# Origins account



## MR.Chaos (22. August 2013)

Hey leute ich hoffe ihr könnt mir helfen 
ich würde gerne meinen origin account verkaufen nur ich weis leider nicht wo


----------



## Laudian (22. August 2013)

Ich bin mir ziemlich sicher dass man Origin Accounts nicht verkaufen darf.


----------



## FrozenFlame6 (22. August 2013)

Jep, soweit ich weiß ist das nicht erlaubt -> sprich wenn du das machen willst dann musste dir im Bekanntenkreis jemanden suchen und der muss dann damit Leben, dass dein Name drin steht (sofern man den auch nicht ändern kann)


----------



## MR.Chaos (22. August 2013)

ok vielen dank für eure hilfe schade eigentlich aber was solls


----------



## MezZo_Mix (22. August 2013)

Ich würde sowas mit Freunden machen und den Origin namen kann man ändern


----------



## xNoVoLiNE (1. September 2013)

ab wieviel jahren ist origin eig. xDDD ??? interessiert mich mal so haha


----------



## mds51 (1. September 2013)

Steam ist ab 13 , aber das merkt man gar nicht


----------



## Shona (1. September 2013)

mds51 schrieb:


> Steam ist ab 13


 Das ist soviel ich mitbekommen habe aber ein Gesetz in Amerika das sie das angeben müssen. Genauso wie die Altersverifizierung, die nicht wie viele meinen wegen uns deutschen da drin ist, sondern weil das in Amerika als verifizierung reicht.
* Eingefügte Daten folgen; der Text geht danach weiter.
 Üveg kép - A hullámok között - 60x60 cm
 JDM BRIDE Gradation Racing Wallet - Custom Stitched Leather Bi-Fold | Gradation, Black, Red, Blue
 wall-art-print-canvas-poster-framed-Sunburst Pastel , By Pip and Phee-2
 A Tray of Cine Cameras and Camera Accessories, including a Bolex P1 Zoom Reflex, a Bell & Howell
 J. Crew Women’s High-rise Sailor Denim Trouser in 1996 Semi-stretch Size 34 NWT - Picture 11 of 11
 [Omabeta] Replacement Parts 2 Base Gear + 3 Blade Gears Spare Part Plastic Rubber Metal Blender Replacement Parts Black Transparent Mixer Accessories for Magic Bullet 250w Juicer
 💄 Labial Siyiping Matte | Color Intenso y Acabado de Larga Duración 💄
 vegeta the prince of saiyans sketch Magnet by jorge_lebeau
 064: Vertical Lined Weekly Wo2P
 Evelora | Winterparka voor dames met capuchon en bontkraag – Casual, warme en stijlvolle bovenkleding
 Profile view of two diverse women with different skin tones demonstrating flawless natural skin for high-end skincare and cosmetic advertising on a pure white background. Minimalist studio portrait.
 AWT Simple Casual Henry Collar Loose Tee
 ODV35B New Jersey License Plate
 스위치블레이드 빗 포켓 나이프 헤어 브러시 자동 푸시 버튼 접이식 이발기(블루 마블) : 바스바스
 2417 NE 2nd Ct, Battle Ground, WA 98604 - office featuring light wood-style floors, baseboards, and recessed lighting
Origin hat keine Alterbeschränkung bzw. die einizge ist der Einkauf von Spielen ab 18 was aber daran lieg das EA einen Sitz in DE hat und sich somit an diesen Jugendschutz halten muss.


----------



## xNoVoLiNE (3. September 2013)

Bei Steam steht: fuer dieses spiel brauchste n origin konto was ab 13 jahren erlaubt ist. wenn ich mich mit 13 jahren anmelden will bin ich zu jung xD lol


----------



## Zeus18 (3. September 2013)

Ja genau, das habe ich auch gelesen.


----------